Part II: Engineering Systems Integration or Systems Engineering Integration?

I mentioned in my last blog about Integration and eluding to its relation to systems engineering. In my humble opinion systems engineering is quite different than integration. The planning is different, the structures are different, and the thinking is different. Systems engineers (as others) do systems integration planning and objects integration itself.  If you take any device or system(s), thing, wicket (well let’s just call whatever ‘it’ is an Object) and connect them in any fashion. Is that the same thing as integration? Maybe to a Project Manager, but not to a Systems Engineer. Project Managers look to ‘solve the problem’. Systems Engineers use integration to seek the difference between solving the right problem in the wrong way, or the wrong problem in the right way.
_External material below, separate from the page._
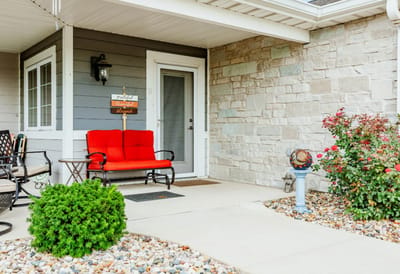 Cozy outdoor seating area with landscaping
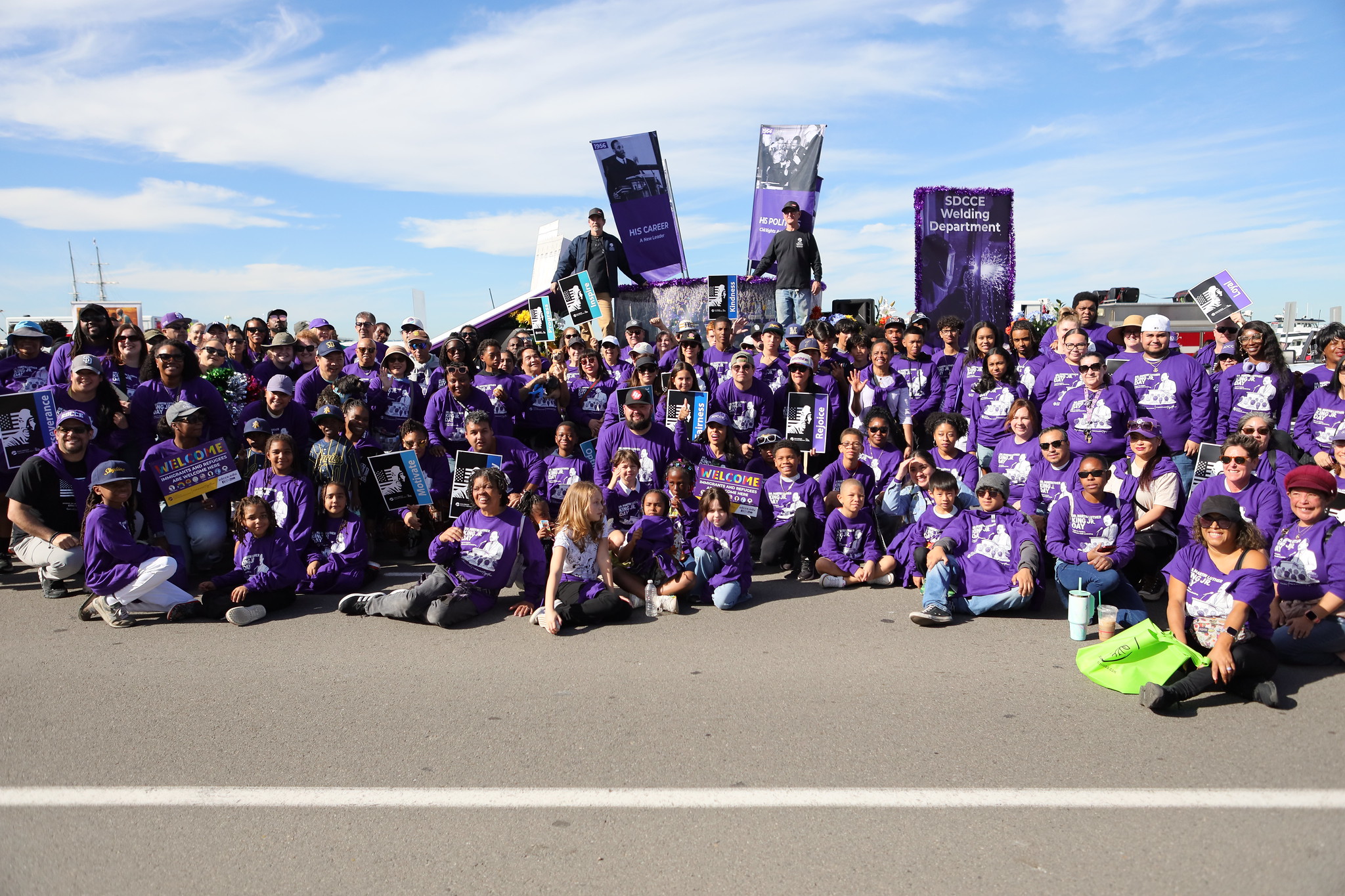 About 100 College of Continuing Education staff and students take a group photo in matching purple shirts in front of their float.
Integration is a coalesce of objects, interacting in perhaps unpredictable ways.  Integration is the unification of the objects through their interaction to provide system-level functionalities and performances. Integration is the combining of systematic series of actions that take place in a definite manner, directed to bring about a particular interaction between objects and sets of objects. Integration is the method of setting up or by chance satisfying the conditions that lead to a set of objects we refer to as a system.  Integration is a collaborative, value-enhancing approach to demonstrating functionalities and performance of products and services.  Integration is a method that facilities outcomes that are beyond what an individual object can do either individually or by a number of objects acting independently, that is, make things happen that would otherwise not happen. (Langford, 2012)

In my humble opinion, this is the active process of ‘engineering’ systems integration.